Bengaluru: ISRO is all set to launch India's maiden solar mission, Aditya L1, from the spaceport here on Saturday, the countdown for which was on.
Aditya-L1 is the first space-based observatory class to study the Sun and is being fired using ISRO's reliable Polar Satellite Launch Vehicle (PSLV) from here at 11.50 am.
The spacecraft, after traveling about 1.5 million km from the Earth over 125 days, is expected to be placed in a Halo orbit around the Lagrangian point L1 which is considered closest to the Sun.
The major objectives of the mission include understanding the Coronal Heating and Solar Wind Acceleration, the initiation of Coronal Mass Ejection, and near-earth space weather and the solar wind distribution.
The Aditya-L1 mission carries seven scientific payloads to carry out the study.
The Visible Emission Line Coronagraph (VELC), the primary payload of Aditya L1 will be sending 1,440 images per day to the ground station for analysis on reaching the intended orbit.
VELC, "the largest and technically most challenging" payload on Aditya-L1, was integrated, tested, and calibrated at the Indian Institute of Astrophysics's (IIA) CREST (Centre for Research and Education in Science Technology) campus in Hoskote near here with substantial collaboration with ISRO.

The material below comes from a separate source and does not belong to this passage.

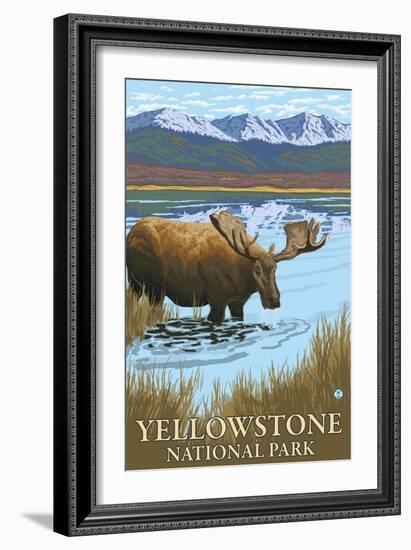 Yellowstone National Park - Moose Drinking in Lake-Lantern Press-Framed Art Print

Aditya-L1 will be placed in a halo orbit around the Lagrangian Point 1 (L1), which is 1.5 million km from the Earth in the direction of the Sun. It will revolve around the Sun with the same relative position and hence can see the Sun continuously.
"From the continuum channel, which is the imaging channel, an image will come -- one image per minute. So approximately 1,440 images for 24 hours, we will be receiving at the ground station," Aditya L1 Project Scientist and Operation Manager for VELC Dr Muthu Priyal said.
She said, IIA will host the VELC Payload Operations Centre (POC), which will receive raw data from ISRO's Indian Space Science Data Centre (ISSDC), process them further to make it suitable for scientific analysis, and send it back to ISSDC for dissemination.
"Also a unique software has been developed by IIA to detect automatically the occurrence of coronal mass ejection and the time it happened, which will be provided to science community within 24 hours -- whether it is directed towards the earth or whether it is a very energetic event, if the speed is high, will it hit the earth or not, etc -- all those information will be made available," she added.
According to IIA officials, 190 kg VELC payload will send images for five years, which is the nominal life of the satellite, but it could last long depending on the fuel consumption, etc.
K Sasikumar Raja of IIA further said, out of four channels the continuum channel will run independently and send 1,440 images per day, while the other three spectroscopy channels will also give images, but that is dependent on how the observer wants.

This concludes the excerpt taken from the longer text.